ABOUT THIS TASK: Every line of the listing must be reproduced as it stands. Leave the images behind.

DATA SECTION:

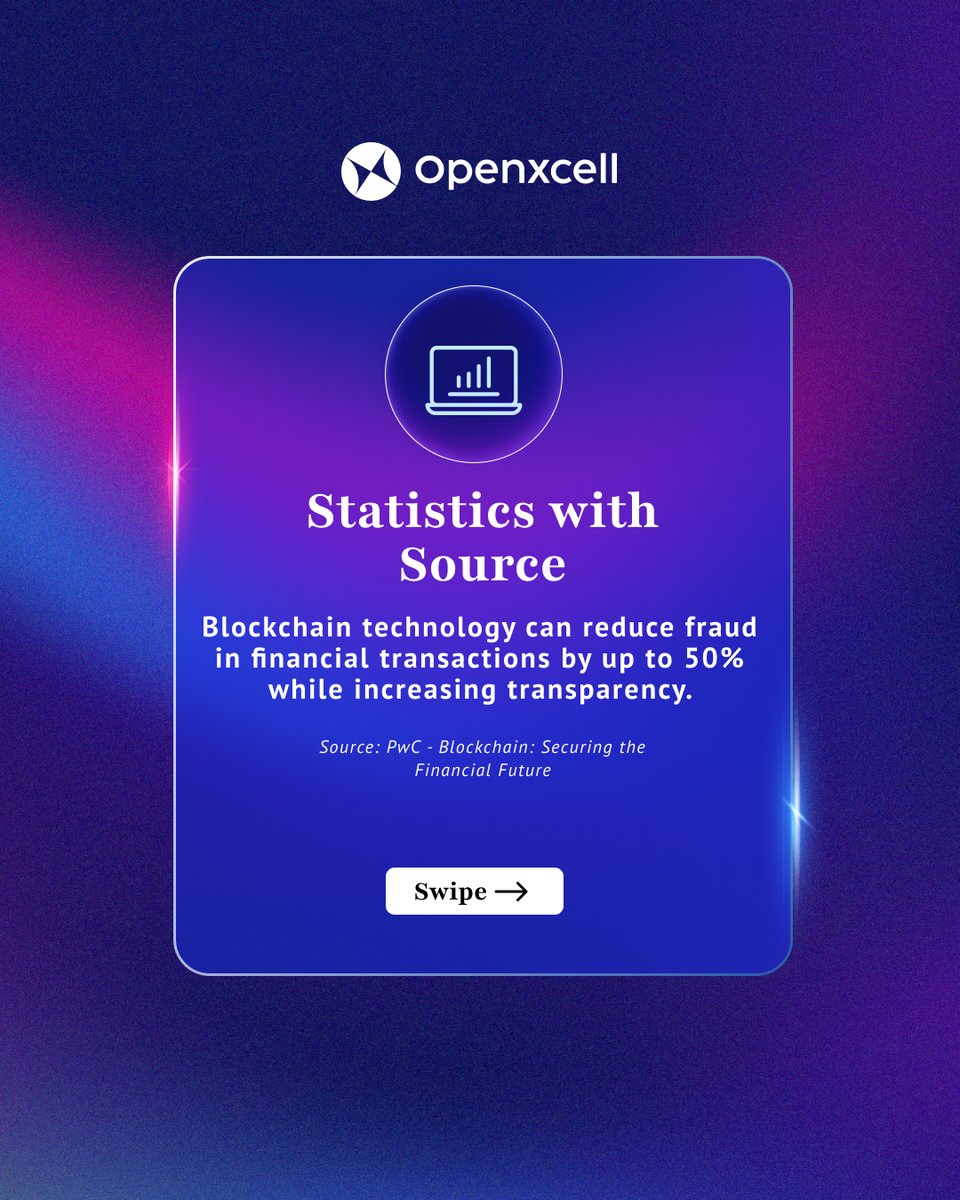 Openxcell | AI Solutions Company tweet media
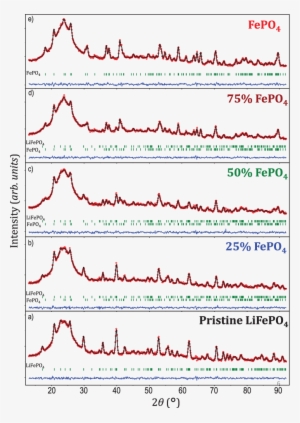 Observed , Calculated (black Line) And Difference (blue - Plot #4096253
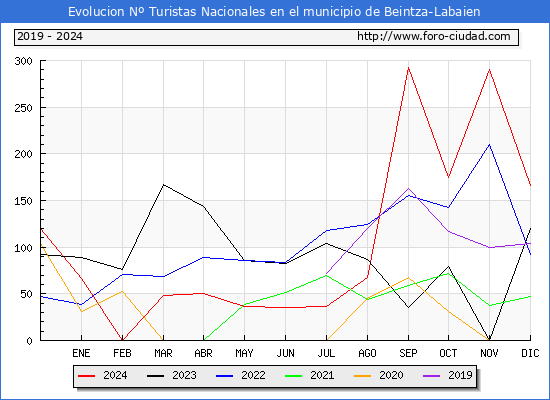 Evolucin Numero de turistas de origen Espaol en el Municipio de Beintza-Labaien hasta Diciembre del 2024.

RESPONSE FOR THIS EXERCISE:
 Openxcell | AI Solutions Company tweet media
 Observed , Calculated (black Line) And Difference (blue - Plot #4096253
 Evolucin Numero de turistas de origen Espaol en el Municipio de Beintza-Labaien hasta Diciembre del 2024.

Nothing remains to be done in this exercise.